J. Dingel's template for research projects

Primary LanguageTeX

Project template

This repository contains a project template. I intend this repo as the common starting point for research projects. It can also be used to onboard new co-authors and research assistants. Download the repository and compile logbook/logbook.tex to get started.

The following is the first page of logbook.pdf converted to Markdown.

Research infrastructure

This chapter is intended to introduce everyone to technology or tools that are integral to our workflow. It describes our research infrastructure in terms of three types of issues:

  • Code: organize it, write it, run it, track it

  • Collaboration: assigning tasks, sharing code, reviewing code, reporting results

  • Computing: geeky details

We organize the project as a series of tasks, so our organization of code and data takes a task-based perspective. After writing code, we automate its execution via make. We track our code (and the rest of the project) using Git, a version control system. Collaboration occurs via Asana task assignments, GitHub/BitBucket code reviews, and logbook entries that share research designs and results.
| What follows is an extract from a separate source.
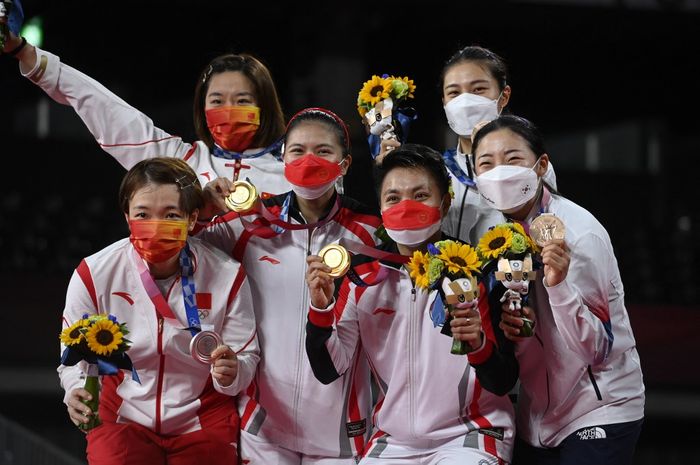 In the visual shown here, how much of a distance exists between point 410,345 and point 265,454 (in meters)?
0.64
Use a good text editor like SublimeText, Atom, or VSCode to write code, slides, and papers. Word processors aren't text editors. Your text editor should, at minimum, offer you syntax highlighting, tab autocomplete, and multiple selection.

Our approach assumes that you'll use Unix/Linux/MacOSX. Plain-text social science lives at the *nix command line. Gentzkow and Shapiro: "The command line is our means of implementing tools." Here are four intros to the Linux shell:

Getting started at the command line can be a little overwhelming, but it's well worth it. While you can use GUI apps to interact with most of our workflow (e.g., SourceTree for version control), automation of some key parts relies on shell scripts. See logbook entry A.9 for a haphazard collection of shell tips.
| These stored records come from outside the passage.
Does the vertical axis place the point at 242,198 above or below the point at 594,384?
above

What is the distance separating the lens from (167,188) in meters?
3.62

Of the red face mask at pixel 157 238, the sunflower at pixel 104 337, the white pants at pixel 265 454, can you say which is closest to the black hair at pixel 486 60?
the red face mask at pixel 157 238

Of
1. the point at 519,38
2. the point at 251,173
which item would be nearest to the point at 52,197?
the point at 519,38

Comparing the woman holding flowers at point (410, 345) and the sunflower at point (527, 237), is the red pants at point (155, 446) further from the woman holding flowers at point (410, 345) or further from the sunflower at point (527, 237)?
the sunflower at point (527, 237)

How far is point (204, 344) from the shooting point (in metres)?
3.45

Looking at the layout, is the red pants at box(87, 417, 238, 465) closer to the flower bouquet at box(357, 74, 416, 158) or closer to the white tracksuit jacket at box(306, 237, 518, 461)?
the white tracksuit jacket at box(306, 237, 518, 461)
Beyond *nix, the rest of the research workflow is language-agnostic: it applies to everything from Stata to Julia. In fact, the task-based approach naturally facilitates using different languages for different tasks.

I have five criteria in mind when evaluating a research workflow:

  • Replicability: Can the research results be reproduced starting from the raw data?

  • Portability: If I install a fresh copy of the project on a new computer, what are the startup costs before I can run the code?

  • Modularity: Can a coauthor work on a task using the provided inputs without having to look upstream at the code that produced those inputs?

  • Dependencies: In the event of a data update, how do you know which pieces of code need to be run (and in what order)?

  • History: If results have changed, can I discern the relevant code changes and their authors?

After reading the rest of this chapter, you should be able to say how our workflow answers each of these questions.